In Brazil, where the economic and health crisis of the Covid-19 pandemic continues to deepen, embattled far-right president Jair Bolsonaro could face a serious challenge in the October 2022 elections from former president Luiz Inácio Lula da Silva of the left-wing Workers Party, who is again eligible to run for the presidency since his conviction on corruption charges was dismissed in March 2021. Despite significant resistance to China’s advance in Brazil, it was under Lula and his left-wing protégée Dilma Rousseff that the PRC and its companies made some of their most significant advances in the nation’s petroleum, mining, agriculture, ports, financial, and other sectors—leading Brazil to receive more than half of all Chinese investment going to Latin America.

 

Tasks Facing the Biden Administration

To its credit, the recently elected Biden administration has promised $4 billion in new assistance to Honduras, Guatemala, and El Salvador and paid heightened attention to the countries of the region. Much more is needed to hold the advances of China at bay, including improved, expanded, coherent initiatives to strengthen governance and fight corruption in the region—which may help its residents see the benefits and viability of democracy and free markets. Latin America also needs to better incentivize and facilitate private sector investment in the region and leverage the enormous purchasing power of the United States and like-minded allies such as the European Union, Japan, South Korea, Australia, and India.

In the near term, however, the Biden administration needs to prepare for the grim reality that any such assistance is likely to be too little, too late. The United States needs to prepare for a new configuration of governments that are far less cooperative in political, law enforcement, and other domains; less democratic, more corrupt, and struggling to combat criminal activity; and more welcoming of China and other U.S. rivals such as Russia and Iran.
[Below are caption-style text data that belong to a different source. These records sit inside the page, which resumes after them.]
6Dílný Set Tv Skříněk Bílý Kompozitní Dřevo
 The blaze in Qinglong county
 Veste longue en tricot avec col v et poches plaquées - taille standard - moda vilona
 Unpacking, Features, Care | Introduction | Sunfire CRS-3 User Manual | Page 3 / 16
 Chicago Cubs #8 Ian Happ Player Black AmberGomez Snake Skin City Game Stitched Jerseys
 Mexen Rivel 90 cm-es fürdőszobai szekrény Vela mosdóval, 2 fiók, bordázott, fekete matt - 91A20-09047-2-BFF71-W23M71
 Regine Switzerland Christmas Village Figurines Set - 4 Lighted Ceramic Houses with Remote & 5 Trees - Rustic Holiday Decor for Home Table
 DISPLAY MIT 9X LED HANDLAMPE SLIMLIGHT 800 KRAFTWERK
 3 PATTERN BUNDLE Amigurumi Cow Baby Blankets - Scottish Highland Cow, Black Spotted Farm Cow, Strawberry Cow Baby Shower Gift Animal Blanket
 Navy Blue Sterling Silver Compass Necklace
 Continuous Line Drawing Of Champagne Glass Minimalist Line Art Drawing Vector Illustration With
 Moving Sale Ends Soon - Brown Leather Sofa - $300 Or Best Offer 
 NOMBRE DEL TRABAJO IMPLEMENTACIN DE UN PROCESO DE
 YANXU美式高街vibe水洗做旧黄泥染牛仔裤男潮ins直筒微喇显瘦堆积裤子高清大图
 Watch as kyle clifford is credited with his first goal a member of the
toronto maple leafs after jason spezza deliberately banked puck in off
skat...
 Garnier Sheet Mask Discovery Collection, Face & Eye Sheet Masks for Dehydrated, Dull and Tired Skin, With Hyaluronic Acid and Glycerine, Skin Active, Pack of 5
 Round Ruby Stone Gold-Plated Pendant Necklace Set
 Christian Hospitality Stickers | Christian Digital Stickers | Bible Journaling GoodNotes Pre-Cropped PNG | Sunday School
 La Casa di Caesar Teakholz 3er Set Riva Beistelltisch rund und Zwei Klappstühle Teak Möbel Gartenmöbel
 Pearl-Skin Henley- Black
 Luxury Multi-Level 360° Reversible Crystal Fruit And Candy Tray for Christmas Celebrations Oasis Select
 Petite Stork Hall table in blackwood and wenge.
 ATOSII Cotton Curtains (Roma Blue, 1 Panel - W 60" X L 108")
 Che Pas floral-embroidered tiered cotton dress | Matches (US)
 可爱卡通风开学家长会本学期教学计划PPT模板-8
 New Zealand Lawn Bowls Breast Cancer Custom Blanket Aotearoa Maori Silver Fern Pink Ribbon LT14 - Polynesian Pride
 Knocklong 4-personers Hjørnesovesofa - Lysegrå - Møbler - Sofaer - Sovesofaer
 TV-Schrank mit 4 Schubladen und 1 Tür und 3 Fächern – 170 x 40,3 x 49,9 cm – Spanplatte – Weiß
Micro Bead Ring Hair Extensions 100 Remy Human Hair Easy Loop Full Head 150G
In all likelihood, this will mean expanded migration to the United States and threats to U.S. national security emanating from poorly or alternatively governed spaces in the region. It is a frighteningly plausible outlook, and those charged with the national security of the United States must think through its implications. Even while doing our best to avoid such a grim future, policymakers in Washington must begin to plan for how to protect the country’s core national interests when many of the presumptions regarding an abundance of cooperative, non-threatening neighbors no longer apply.